Wednesday, December 1, 2010

The Owner's Guide to Replacing Your Cushions

So if you keep lefty-looseying your truck nut, you can actually take your whole truck off the plate and also take apart the cushion assembly. I have never done this before!

disassembled truck and cushions

Eek!

I've had these skates for about two and a half years? So I've never replaced the cushions. Possibly it was overdue, the pale alabaster cushion on the left obviously is the new cushion and the manky dirty yellow cushion on the right is the old cushion. If you look closely, the old cushion is actually compressed a millimeter or two shorter than the new cushion. So it's probably lost its spring a little bit. Besides loosening your trucks until they bottom out, the softness of your cushions is how you get action out of your trucks. Remember, trucks give when you put weight on them? The looser your trucks or the softer your cushions, the more responsive they are to how you move your weight around. And you don't have to have your trucks so loose with softer cushions, which is probably actually a better way to make them work.

new and old cushion

I did actually feel bouncier with new cushions, like I could pick up my feet better.
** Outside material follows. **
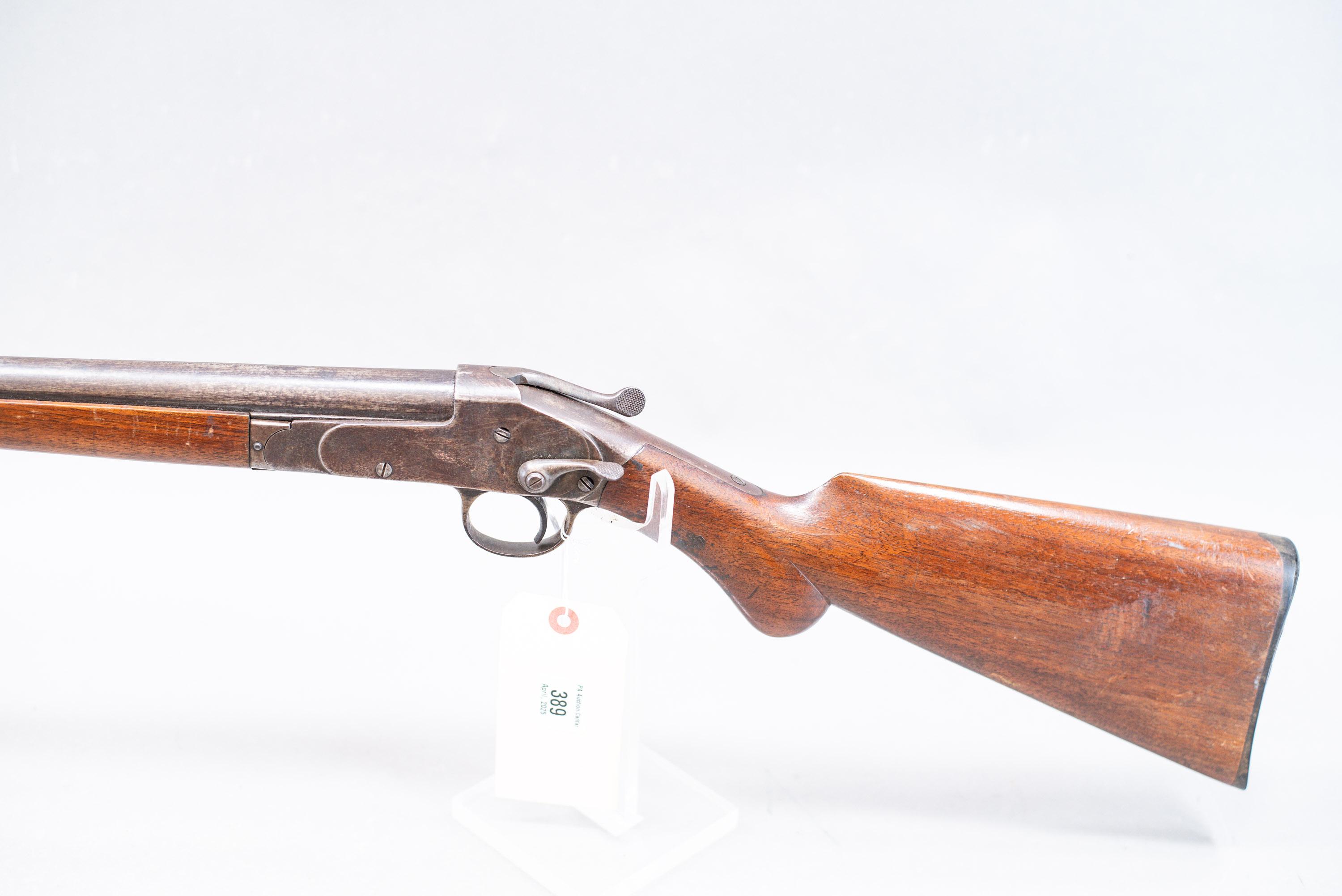 (CR) Remington No.3 Rider Single Shot 12 Gauge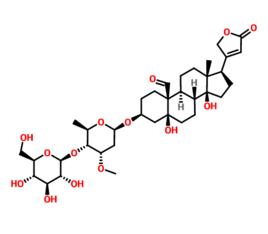 毒毛花苷K 毒毛花苷K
That was just replacing the old Powerdyne white/black cushions with new ones. There's more, though. Two and a half years, I've never given my cushions a second look and I left Uproar with four sets of new cushions: the new set of the old Powerdyne cushions, and three sets of the new Powerdyne Magic Cushions. Whaaaat. They were in candy jars! They looked like gummy candies! Supposedly they're made of a different urethane than the old cushions, springier even at the same durometer. The white/blacks are 88A, then I got 85A firm yellows, 82A medium oranges, and 78A soft reds. The guy said that oranges would probably work best for me, based on my body weight. But I'm basically going to work my way all the way down, because my motto is how do you know that you've gone far enough unless you go too far.